Burns Lake has gained world renown from the International Mountain Biking Association for its network of trails on Boer Mountain. The trails, maintained by a volunteer group called the Burns Lake Mountain Biking Association, includes 23 km of downhill and 40 km of cross country trails. The trails continue to draw mountain bikers from all over the world and are expanding every season.
In the winter months cross country skiing is popular at the Omineca Ski Club. Its facilities have hosted several national championships. The facilities include 25 km of groomed trails, four km of which are lit for nighttime skiing. There is also a facility for biathlon skiing.

In 2014 The Village of Burns Lake completed work on the Lakeside Multiplex and renovations to the Tom Forsyth Memorial Arena. This facility includes a hockey rink, curling rink, rock climbing gym, a squash/racquetball court, a fitness facility, and multi-use rooms. The facility is located on Spirit Square, a large outdoor park with a playground, a beach, a walking path, outdoor fitness equipment, two tennis courts, and a skateboard park.

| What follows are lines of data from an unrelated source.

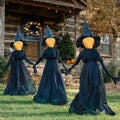 Halloween Witch Decorations Outdoor - 5 FT Set of 3 Light Up Witches Stakes - Black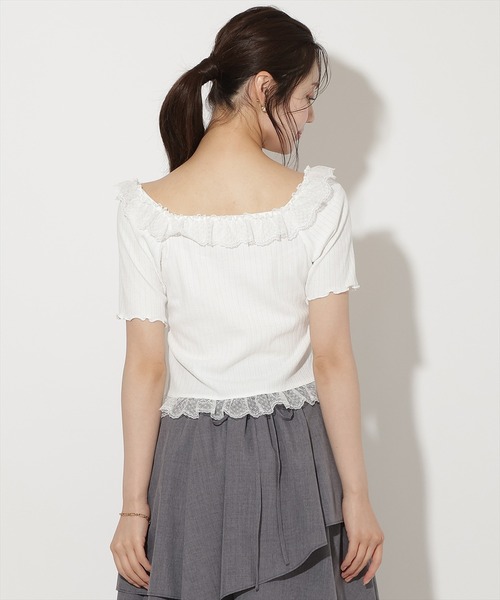 WILLSELECTION(ウィルセレクション)の「レースフリルカットトップス(Tシャツ/カットソー・レディース・ブラック/ネイビー/オフホワイト/ピンク・FREE)」の14枚目の写真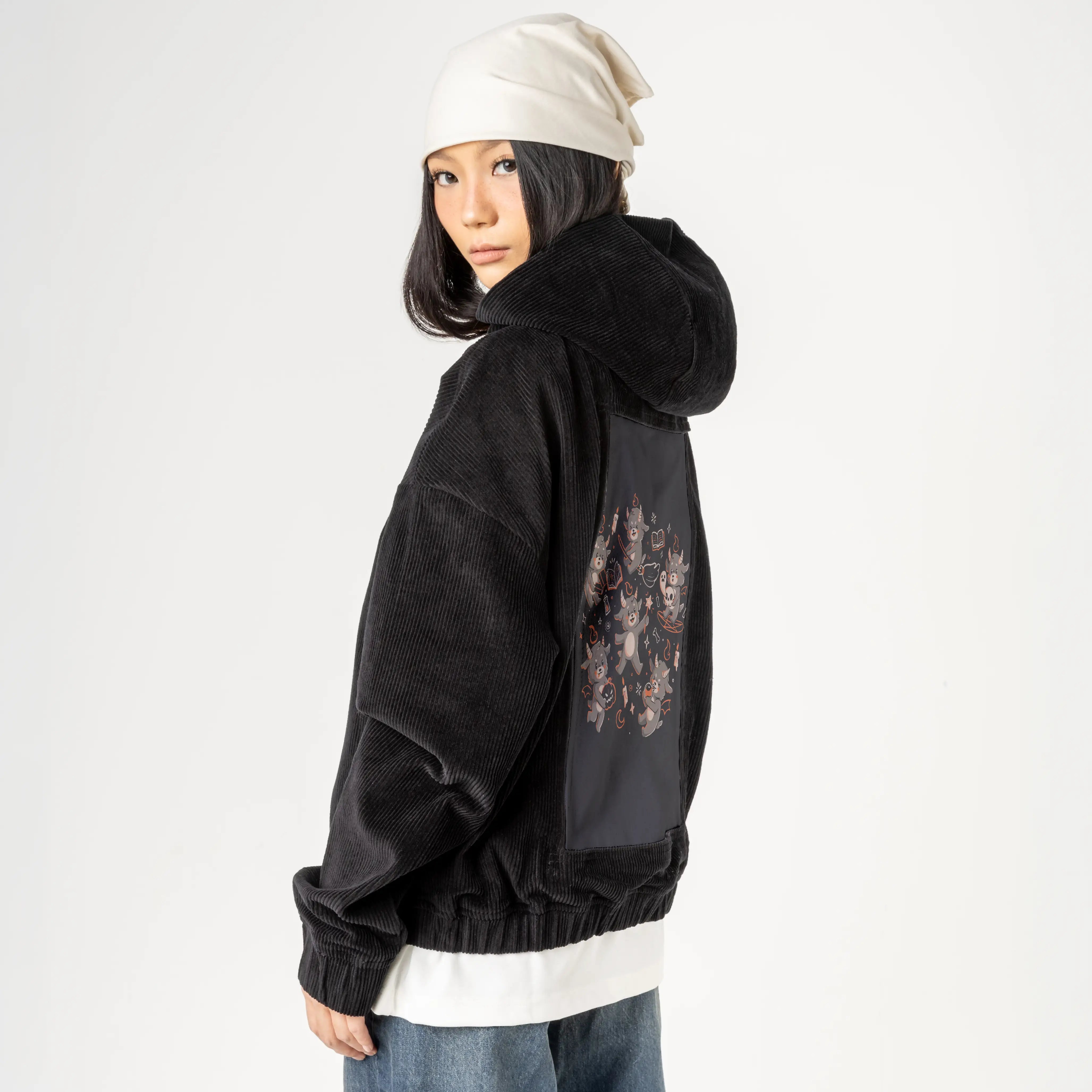 darkcuties patch on female retro cord hoodie in onyx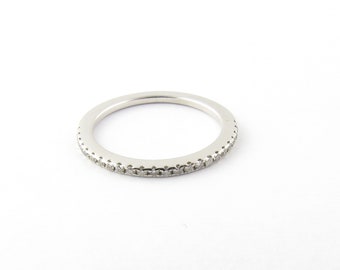 Vintage 14 Karat White Gold Diamond Wedding Band Size 5.5 #3636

The 1.9 kilometre Opal Bed Trail leads to an active rock hounding destination, where users can look for precious minerals.

Burns Lake is considered to be the gateway to Tweedsmuir North Provincial Park and Protected Area. (The North Park is a wilderness area with no services or supplies; it cannot be accessed by road.) Fly-in tours for sightseeing, hunting and fishing are offered by local outfitters.

==Notable residents==

- Luke Everett Strimbold - Youngest mayor in British Columbia history.
- Emily Dickson - Biathlete, competed at the 2022 Winter Olympics in Beijing
- Esther Miller - Cross-country skier, competed at the 1976 Winter Olympics and the 1980 Winter Olympics
- Russell Brown - Former justice of the Supreme Court of Canada and Alberta Court of Appeal.